# DATA FOR THIS TASK:
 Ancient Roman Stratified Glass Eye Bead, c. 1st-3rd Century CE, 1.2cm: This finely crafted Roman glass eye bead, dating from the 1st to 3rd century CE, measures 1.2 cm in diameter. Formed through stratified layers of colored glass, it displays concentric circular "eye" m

==

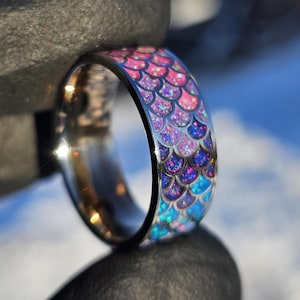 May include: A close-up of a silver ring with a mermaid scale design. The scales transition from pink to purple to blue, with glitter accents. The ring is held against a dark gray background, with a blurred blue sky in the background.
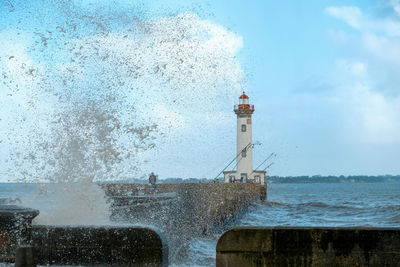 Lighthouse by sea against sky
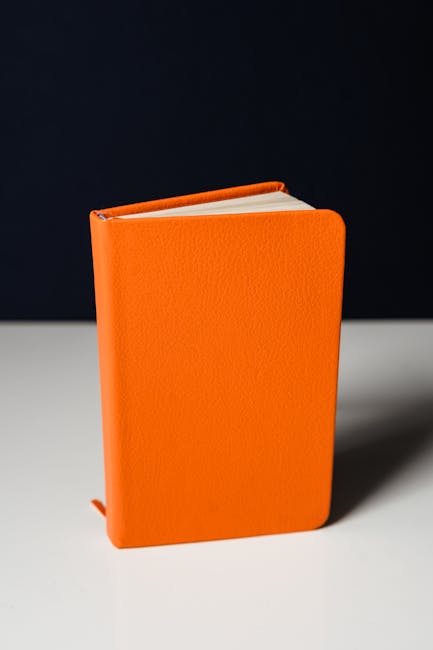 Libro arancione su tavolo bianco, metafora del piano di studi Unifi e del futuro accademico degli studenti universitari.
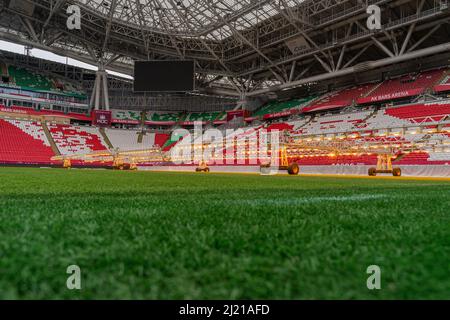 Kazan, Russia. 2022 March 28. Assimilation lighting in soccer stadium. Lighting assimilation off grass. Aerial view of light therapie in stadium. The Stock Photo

# TASK PROMPT:
Starting at the line containing "Libro arancione su" and finishing at the line containing "Kazan, Russia. 2022", return those lines exactly as they appear above, without the pictures.

# ANSWER TO THIS TASK:
 Libro arancione su tavolo bianco, metafora del piano di studi Unifi e del futuro accademico degli studenti universitari.
 Kazan, Russia. 2022 March 28. Assimilation lighting in soccer stadium. Lighting assimilation off grass. Aerial view of light therapie in stadium. The Stock Photo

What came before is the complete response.